= Data in this exercise =
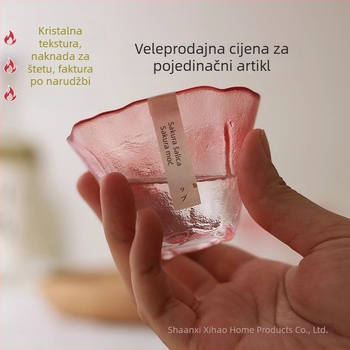 Roza staklena šalica za čaj i sake, japanski stil, motiv trešnje, latice cvijeta, ljubičasti prijelaz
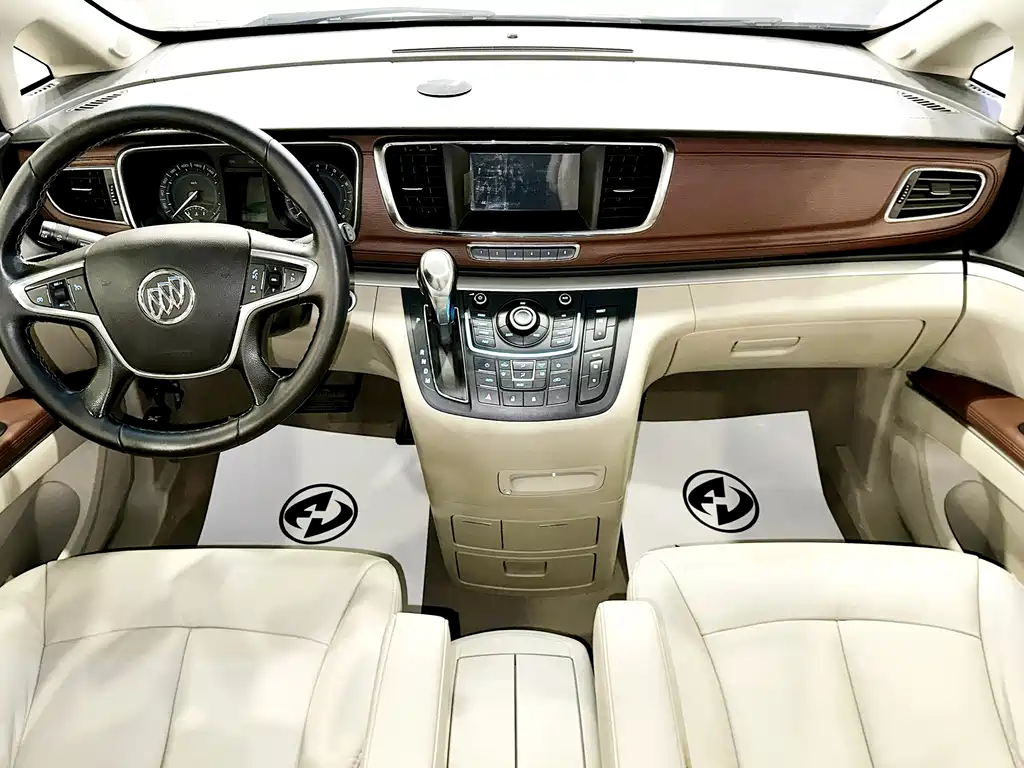 Buick GL8 2.4 L LT Luxury Business Executive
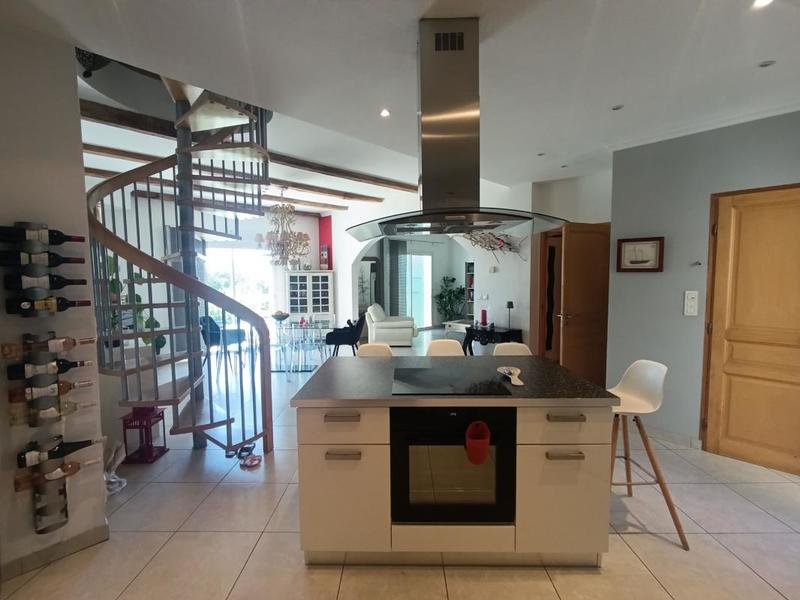 Villa - 170 m² - 5 pièces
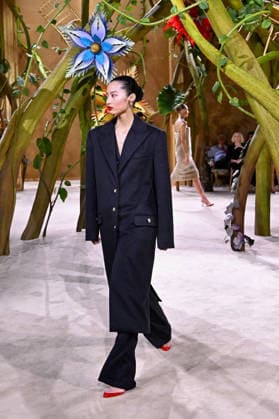 PFW - Chanel Runway A model walks the runway during the Chanel Haute Couture Fall Winter 2026 2027 show as part of Paris Fashion Week on July 07, 2026 in Paris, France. Photo by Franck Castel ABACAPRESS.COM Paris France  Copyright: xCastelxFranck ABACAx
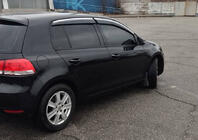 Volkswagen Golf 5 2003–2009 Vetrni deflektorji za okna s kromirano okrasno letvijo (4 kosi, Sunplex Chrome) fotografija 5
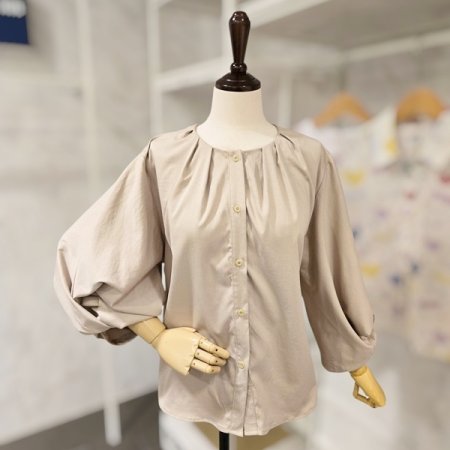 핀턱 라운드 블라우스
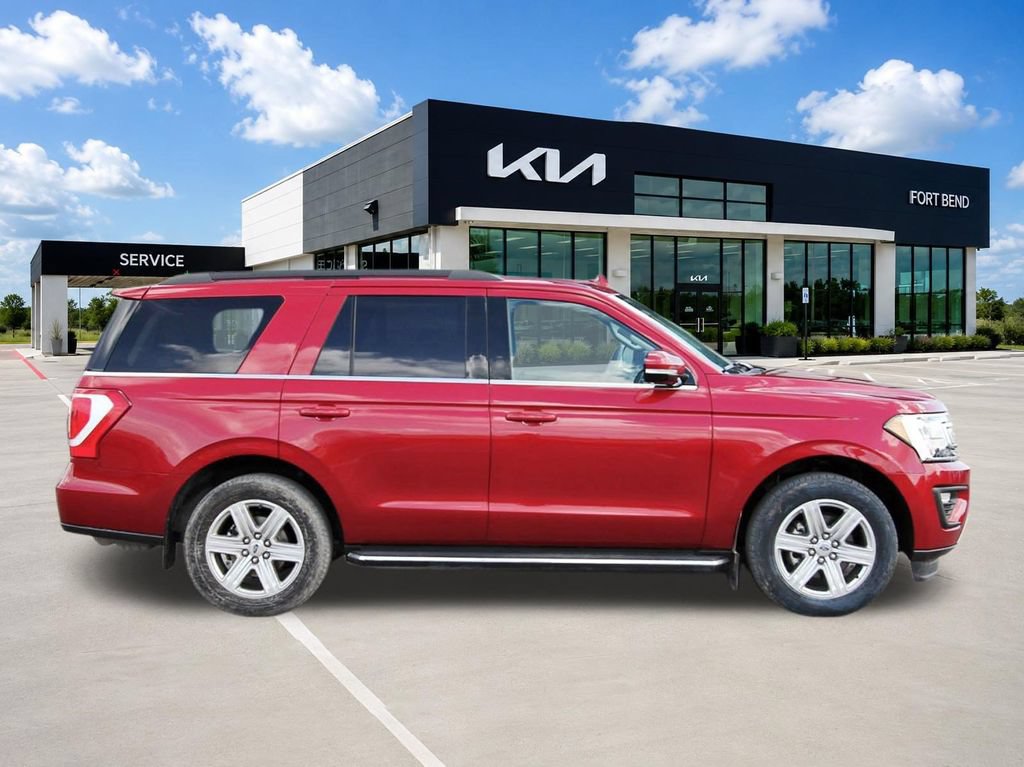 Used 2018 Ford Expedition XLT w/ Equipment Group 202A RWD image 4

= Exercise requirements =
Above are records with pictures; repeat the records exactly and leave the pictures out.

= Task response =
 Roza staklena šalica za čaj i sake, japanski stil, motiv trešnje, latice cvijeta, ljubičasti prijelaz
 Buick GL8 2.4 L LT Luxury Business Executive
 Villa - 170 m² - 5 pièces
 PFW - Chanel Runway A model walks the runway during the Chanel Haute Couture Fall Winter 2026 2027 show as part of Paris Fashion Week on July 07, 2026 in Paris, France. Photo by Franck Castel ABACAPRESS.COM Paris France  Copyright: xCastelxFranck ABACAx
 Volkswagen Golf 5 2003–2009 Vetrni deflektorji za okna s kromirano okrasno letvijo (4 kosi, Sunplex Chrome) fotografija 5
 핀턱 라운드 블라우스
 Used 2018 Ford Expedition XLT w/ Equipment Group 202A RWD image 4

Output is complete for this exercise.